Directions: The reply is a verbatim copy of the listing below with its images dropped.

Provided data:

-=-=-

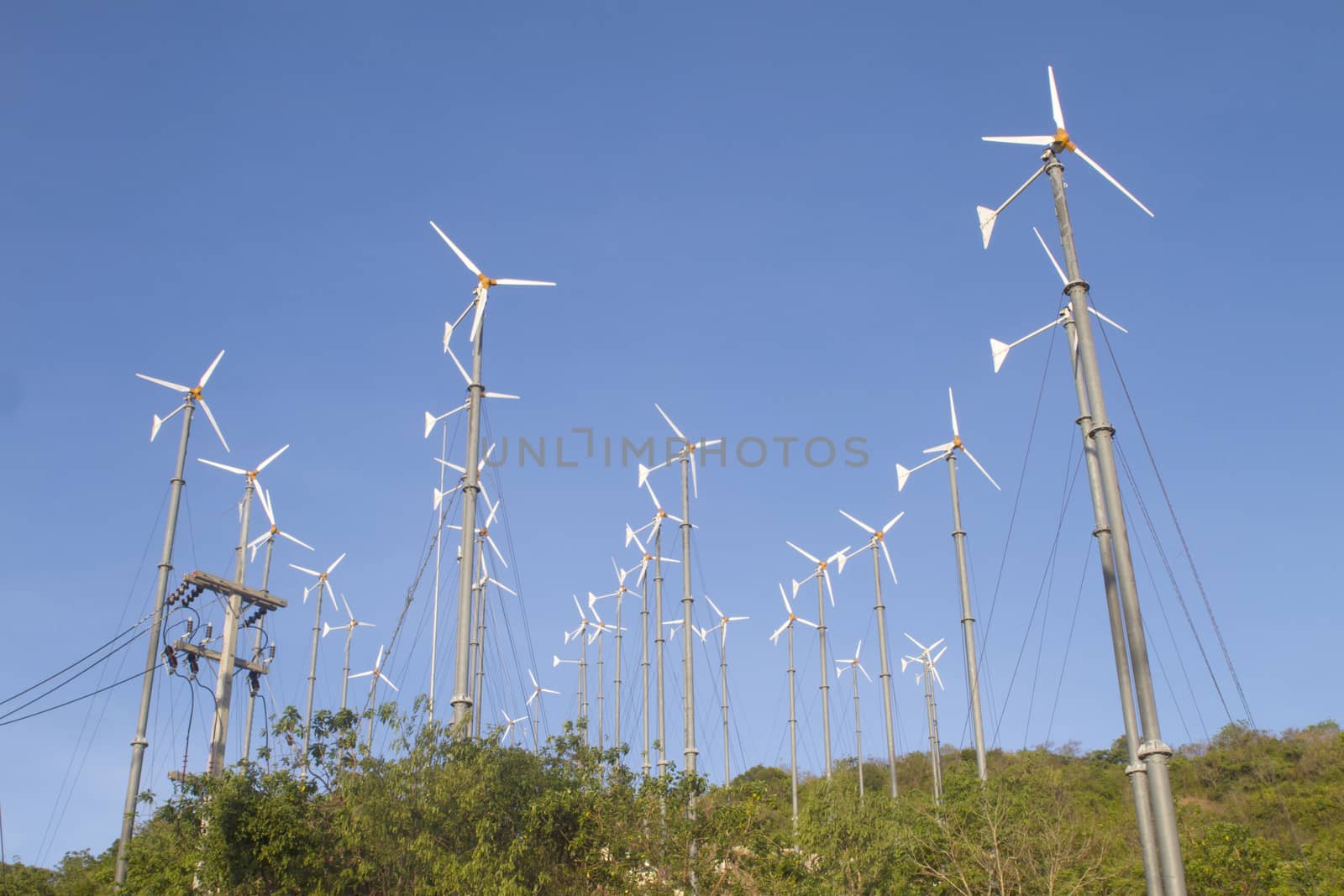 Wind driven generators, turbines over blue sky
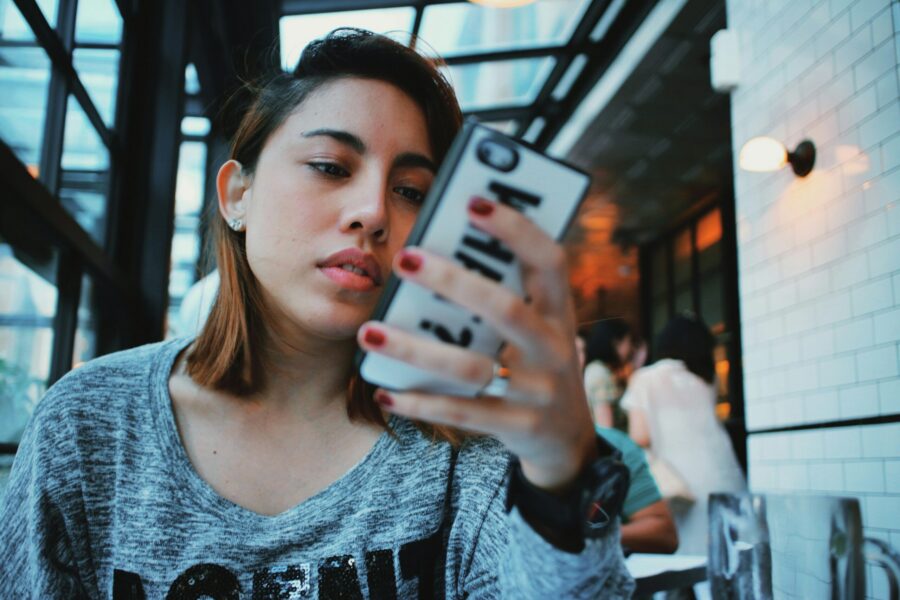 person short brown hair searching on phone in cafe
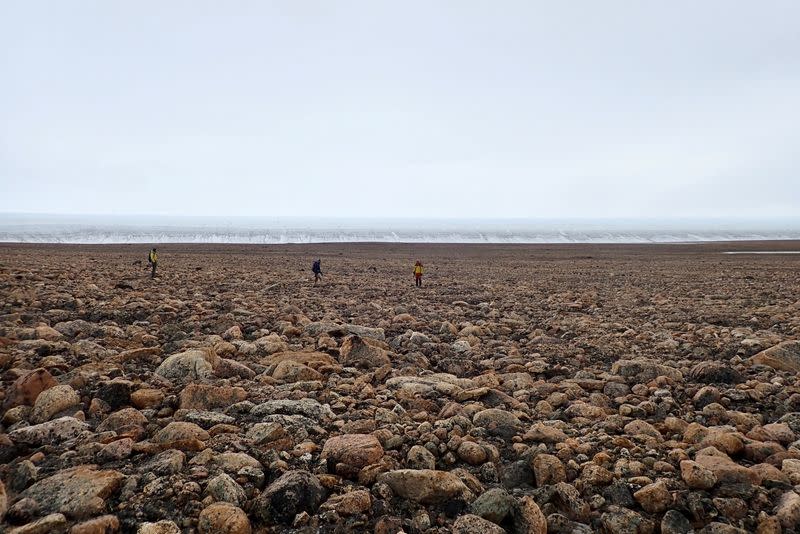 Scientists perform research field work at the edge of the Greenland Ice Sheet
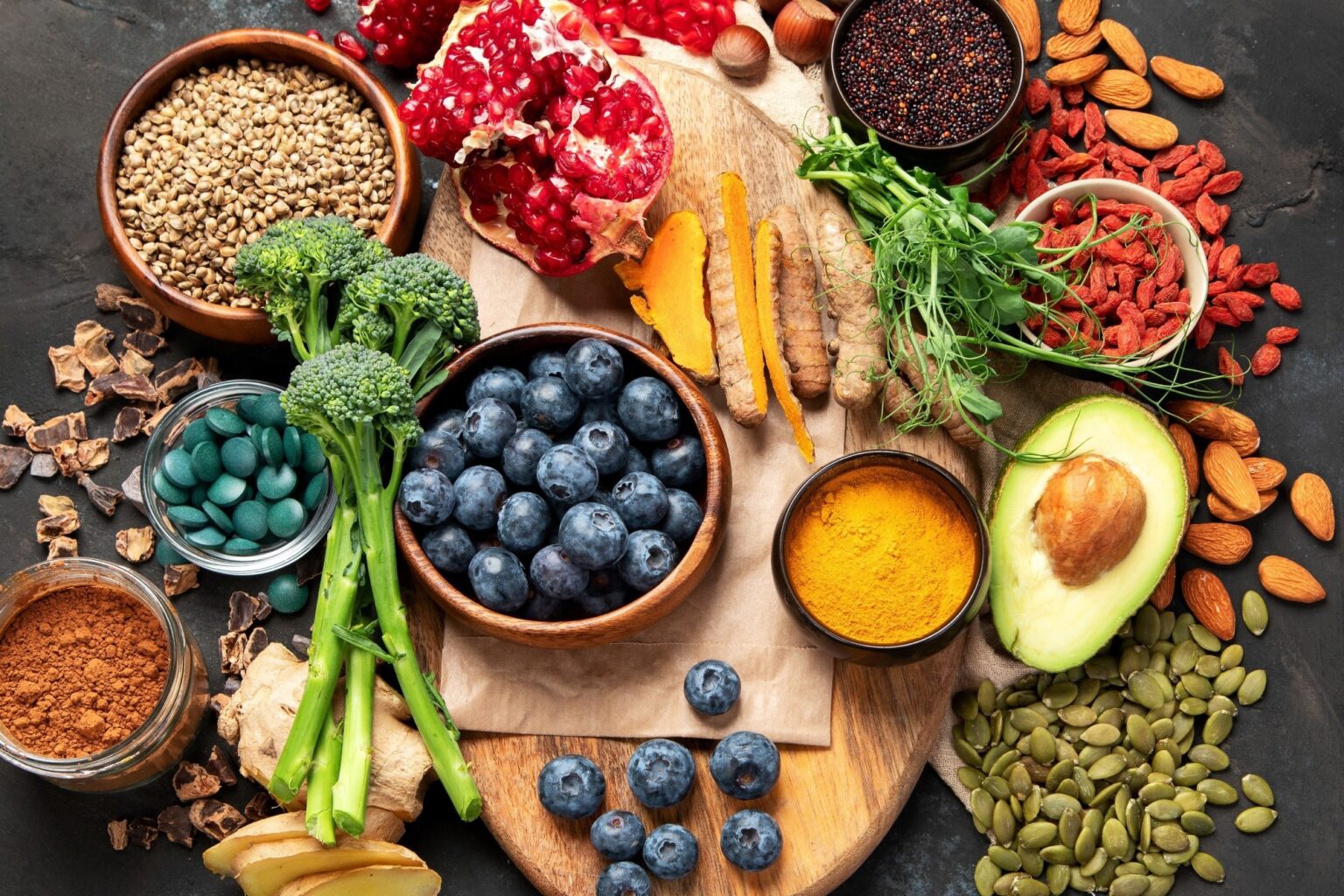 Dietary guidelines miss key flavanol levels for heart health high flavanol food selection including blueberries, and brocolli on dark background. Superfood assortment. Top view,.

-=-=-

Task answer:
 Wind driven generators, turbines over blue sky
 person short brown hair searching on phone in cafe
 Scientists perform research field work at the edge of the Greenland Ice Sheet
 Dietary guidelines miss key flavanol levels for heart health high flavanol food selection including blueberries, and brocolli on dark background. Superfood assortment. Top view,.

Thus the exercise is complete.